A successful but cynical and discontented artist gets a peculiar commission and a shot at moral redemption in this novel.
Martin Drake is a world-renowned artist, celebrated for his work as a sculptor of mostly abstract pieces. As a result of his fame, he leads a life of indulgent prodigality in New York City, one as luxurious as it is obscene and empty. But despite his acclaim, he’s disgusted with his own life and believes himself a fraud who abandoned his artistic principles for commercial accomplishments. At yet another winning exhibition, billionaire Harry Banks offers him a strange proposition. In exchange for a whopping $1 million, Martin must accept a commission to produce a sculpture of the face of God for Father Manoel da Silva Teixeira, a priest who is a “devoted crusader for the underclass” in Brazil. Father Manoel is horrified—he sees Martin’s art as profane trash, a soulless exercise in adolescent sacrilege. As offended as Martin is by Father Manoel’s assessment—one shared by Harry—the sculptor accepts the commission for the sake of the money. Brewer sensitively depicts the opportunity for moral and artistic reform this gives Martin as well as the daunting difficulty of the sculpture itself: “Trying to display all that God was, in one certain form, would be like trying to capture the sea in a teardrop, but infinitely more difficult. The most gifted visionary would fall far short. God was beyond comprehension.”
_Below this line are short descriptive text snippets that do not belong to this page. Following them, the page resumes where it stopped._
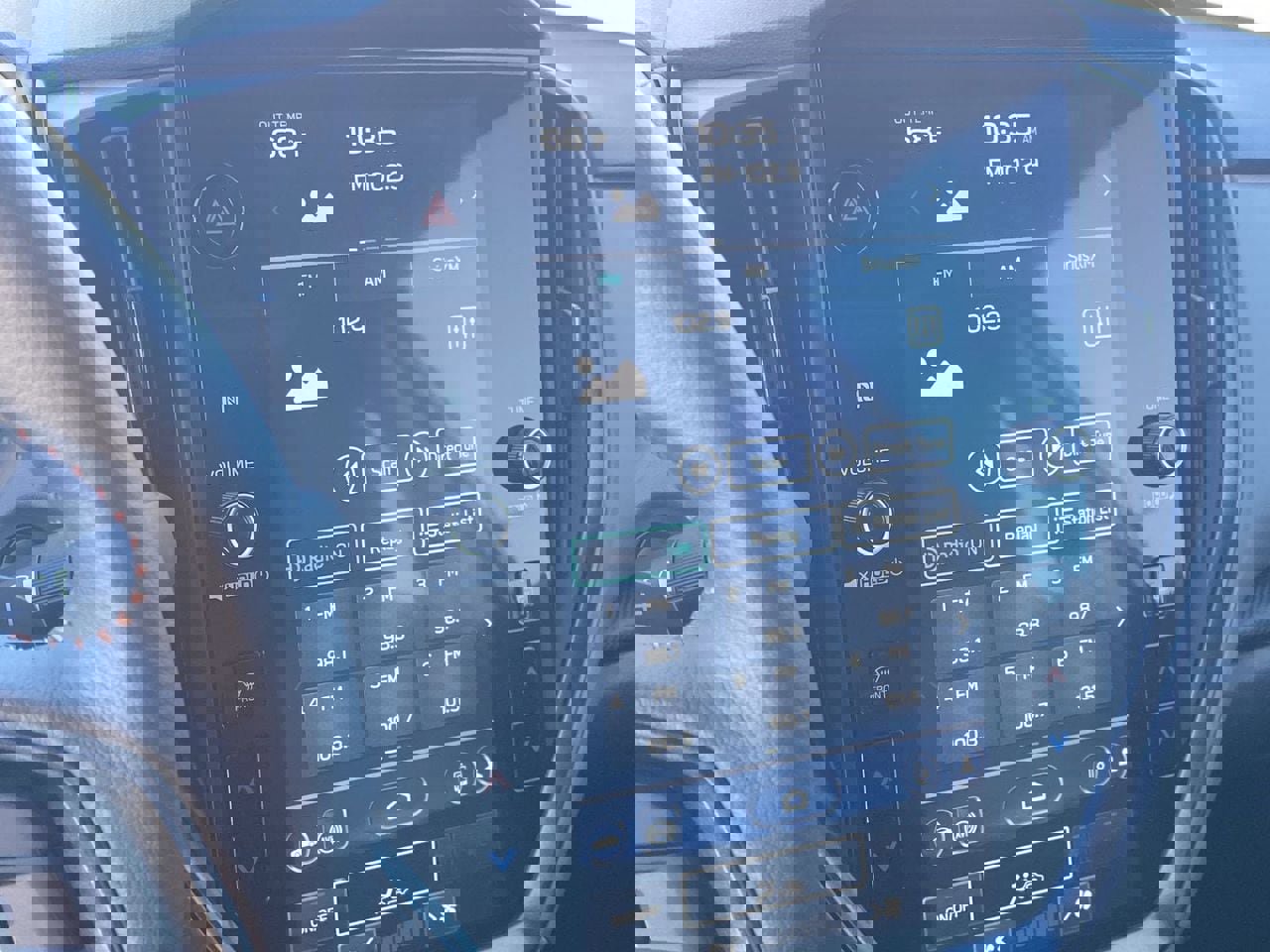 New 2026 Subaru Crosstrek 2.5i Limited image 21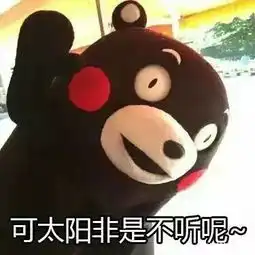 清仓清仓清仓劲爆折扣超乎想象 清仓清仓清仓劲爆折扣超乎想象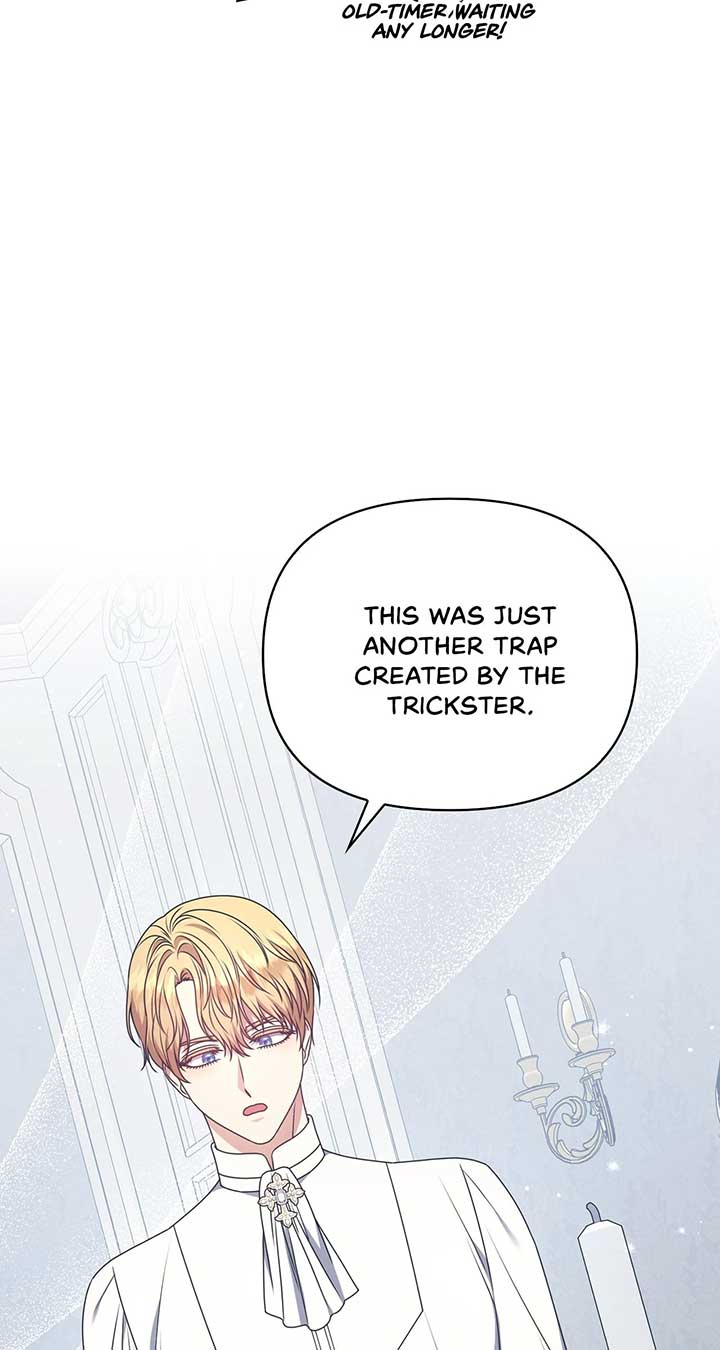 Please Don’t Reply! Chapter 36 page 30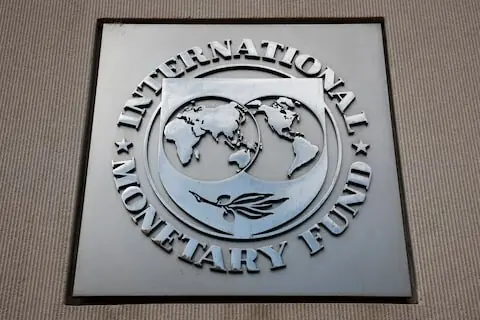 IMF to Continue Talks with Gabon on Fiscal and Debt Issues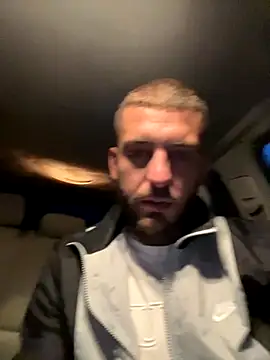 ElChapoGuzman95 online show from 10-03-25, 03:58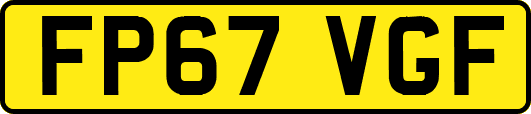 FP67VGF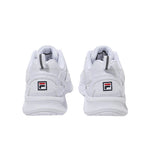Fieldgage Unisex Lifetyle Shoes White 1RM02557G-100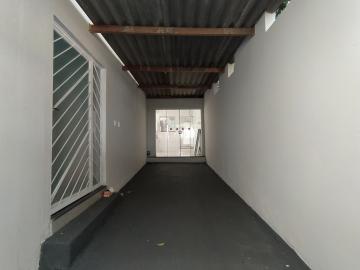 imagem 3 - Casa para locação no bairro Tabajaras imagem 3 - Casa para locação no bairro Tabajaras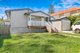 Photo - 29 Leach Street, Everton Park QLD 4053 - Image 11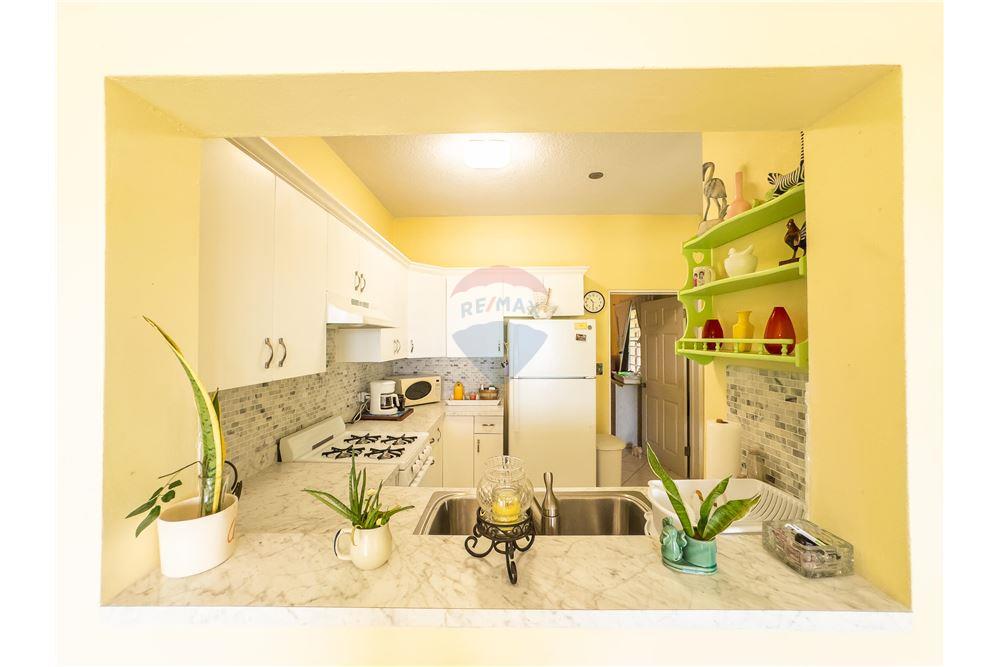 Villa - Te Koop - Marys Fancy Estate, St Croix, US Virgin Islands - 29 - 90123020-37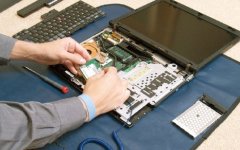 laptop repair in singapore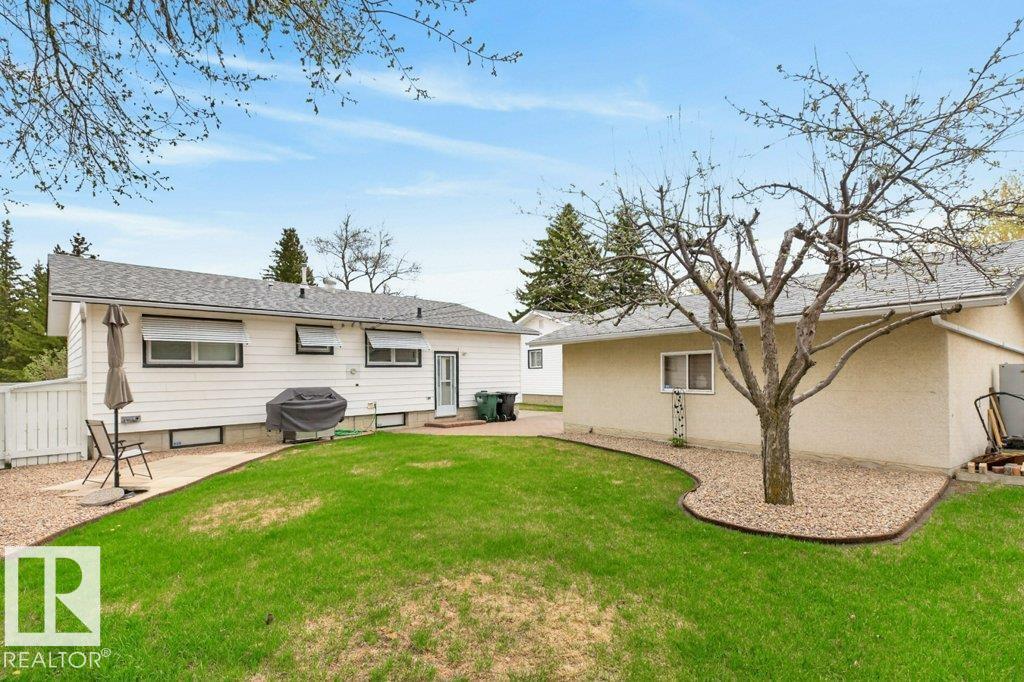 45 Ivy Cr, Sherwood Park, Alberta  T8A 1W5 - Photo 31 - E4487658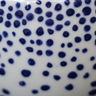 Varied dots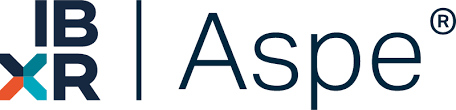 The software we use: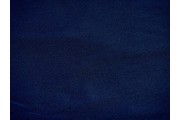 Podšívky - elastická podšívka tmavě modrá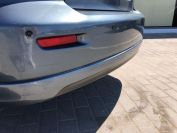 Suzuki SX4 Фото № 7 из 23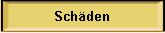 Schden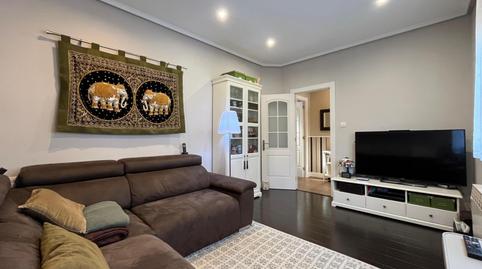 Photo 2 of Single-family semi-detached for sale in Basurtu, Bizkaia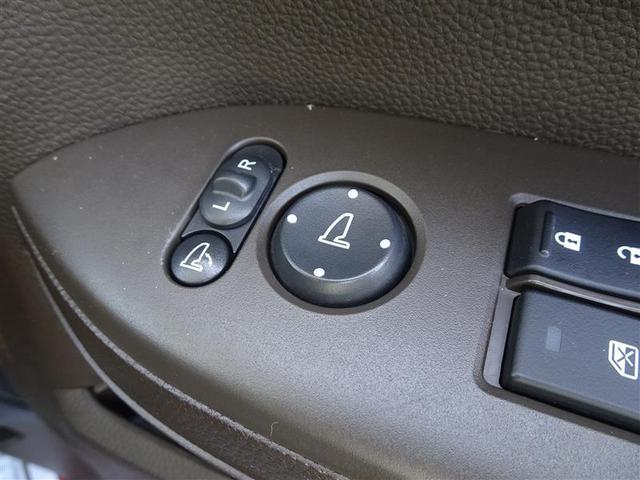 Ｎ－ＢＯＸ Ｌ　衝突回避支援ブレーキ　ドラレコ付　ＰＷ　パワステ　１オ－ナ－　スマ－トキ－　Ｂカメ　地デジＴＶ　ナビ＆ＴＶ　横滑り防止　ＥＴＣ車載器　整備記録簿　ＬＥＤライト　エアコン付き　ＤＶＤ　メモリーナビ（27枚目）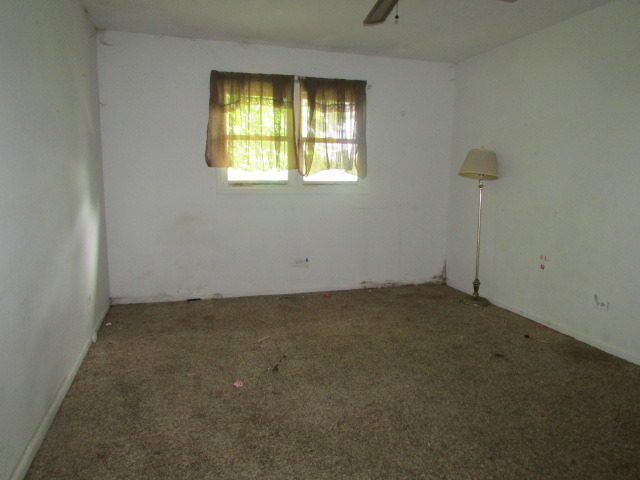 234 South Dr, Mchenry, IL 60051 photo 8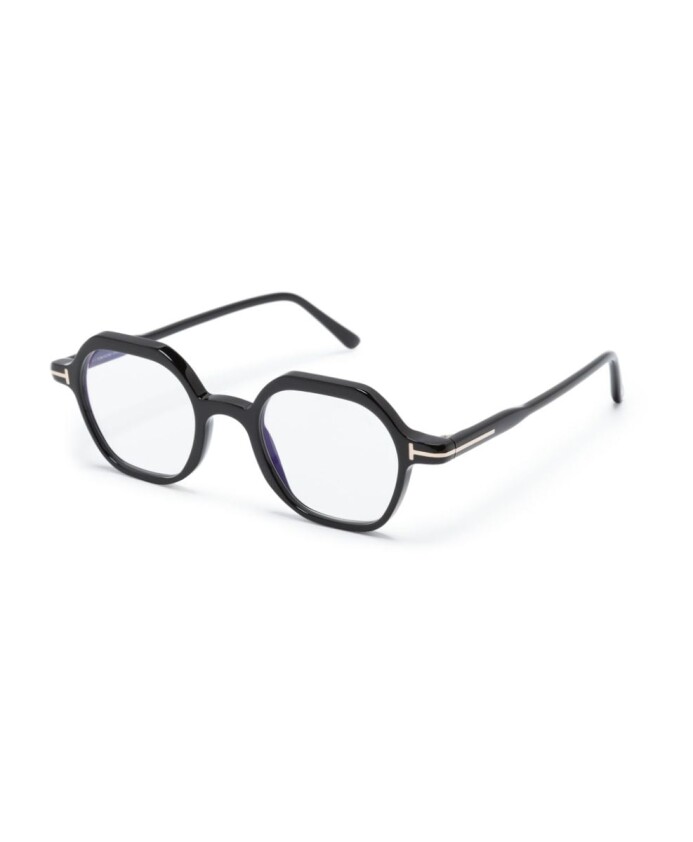 ft5900b-001-optical-frame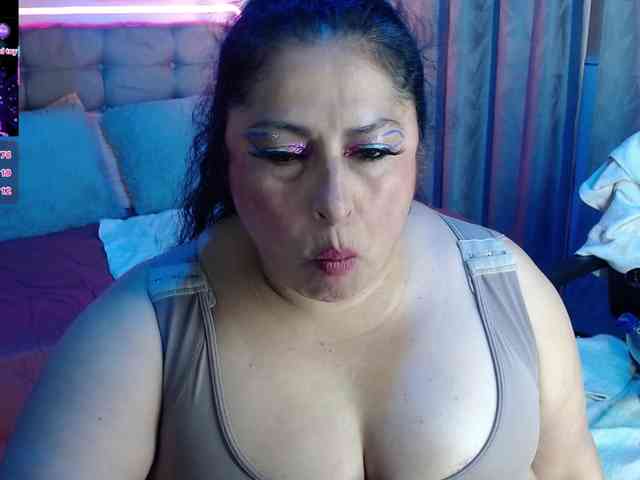 keyla01 webcam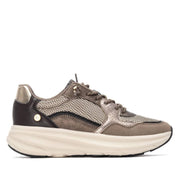 Sneakers XTI 144686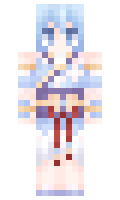 1bb21d1936a534 minecraft skin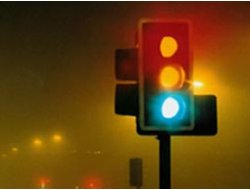 Trafikte MOBESE`den Sonra TEDES Dönemi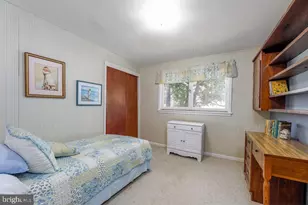 60 Holly, Long Beach Township, NJ 08008 - Photo 21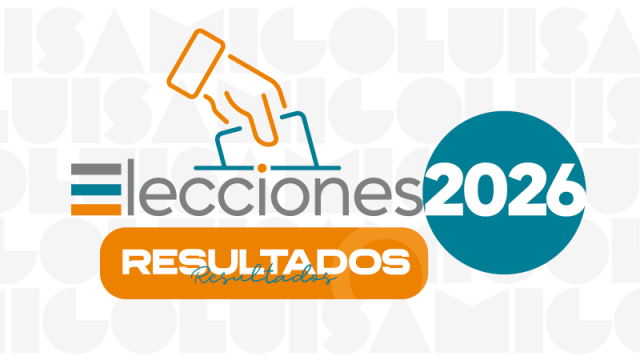 Conoce los resultados votaciones 2026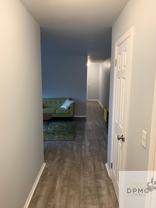 2918 Harwick Drive - Photo 1 of 1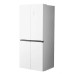 Холодильник GENCOOL GDCD-350WG Холодильник GENCOOL GDCD-350WG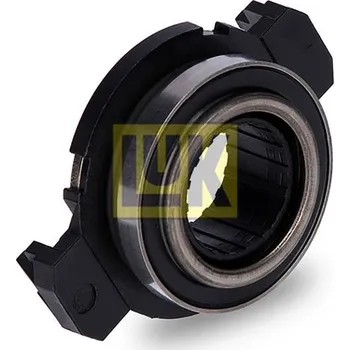 Spojkové ložisko Vysouvací ložisko LUK 500 0742 10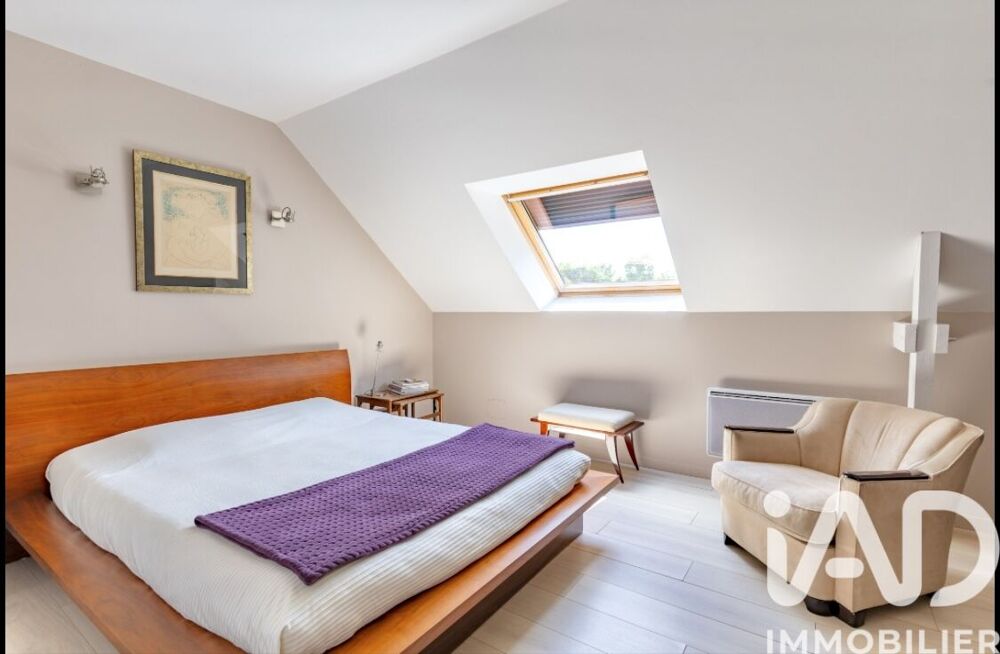 à vendre  Maison Assérac (44410)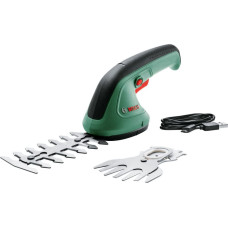 Bosch Nożyce akumulatorowe Easy Shear 12 cm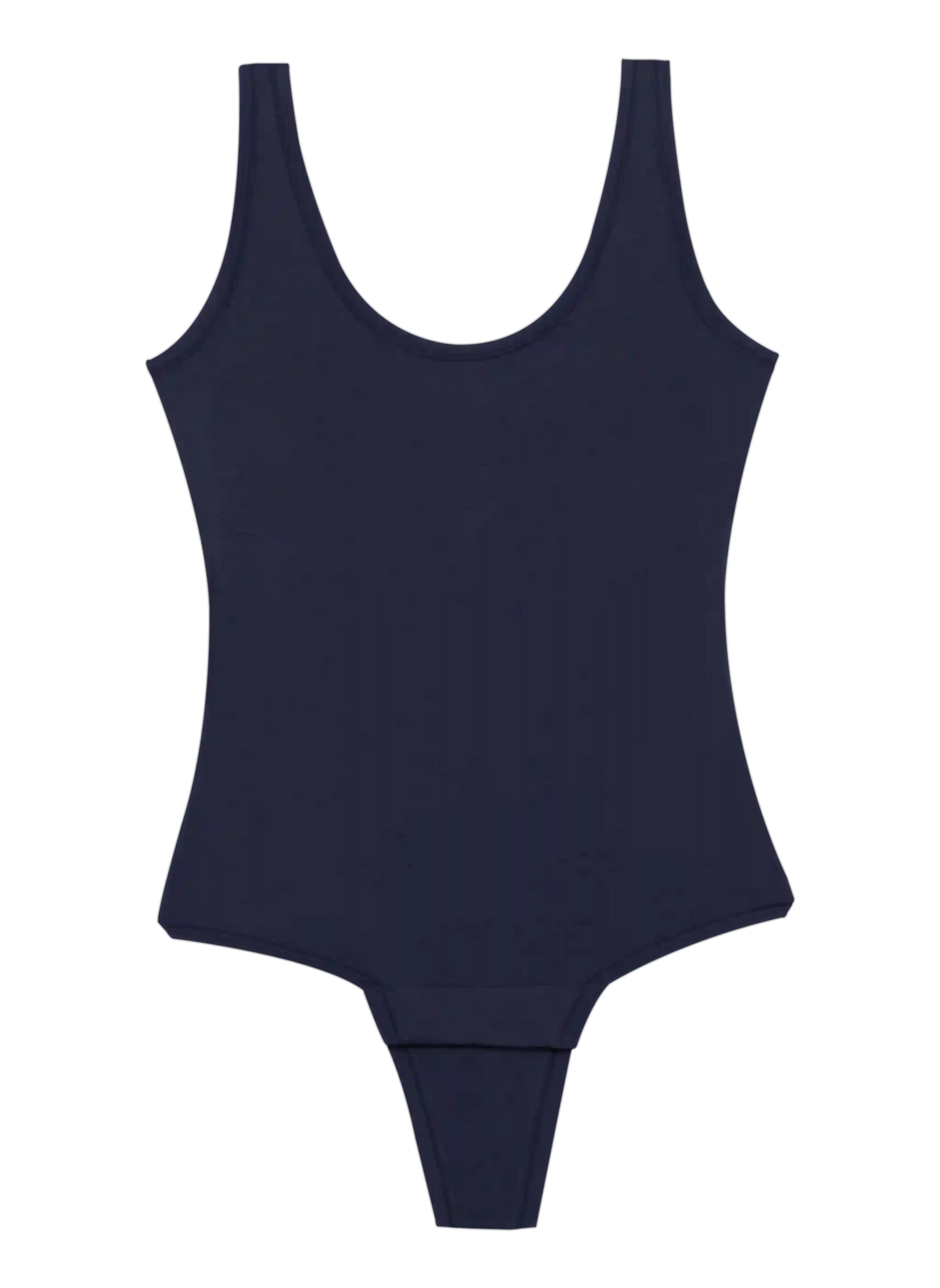 Tank Bodysuit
The author delicately limns Martin’s downward spiral into a life of ignoble dissipation, one marked by extraordinary self-debasement as well as the terrible loss of love. And Father Manoel is presented as much more than “a Bible-thumping Amazonian.” The priest astutely sees, under a surface of artistic debauchery, a deep reserve of genuine potential in Martin’s work: “They were grotesque, and clearly they were manifestations of an angry psyche straining for truth ever-further in the wrong direction. But there was something else to those bronzes: although they were ugly and malformed, they showed something more—a tremendous raw talent.” Still, Brewer’s story is far too condensed—under 250 pages—to have time to develop Martin’s reversal of character, a metamorphosis that is delivered too quickly and is therefore as implausible as his commission. Especially given the depths of Martin’s moral depravity—depths deftly, affectingly described by the author—readers are led to expect a tougher slog toward enlightenment. In addition, Brewer’s writing can mix florid overstatement with shopworn clichés. Consider this depiction of one of Martin’s sculptures: “Etched with the beauty and wisdom of the ages, glowing with a power beyond the realm of understanding, it was he himself that stared back.” Nevertheless, the author provides an intriguing critique of the contemporary art world—subsumed by money and careerism, it conflates the ostentatiously reprobate with edgy creativity. Furthermore, Brewer manages to pull off a difficult trick—he has composed a deeply religious novel that wears its spirituality lightly. While the book revolves around the redemptive powers promised by a submission to God, it avoids tendentious sermonizing.
A thoughtful, engaging meditation on the intersection of artistic and spiritual integrity.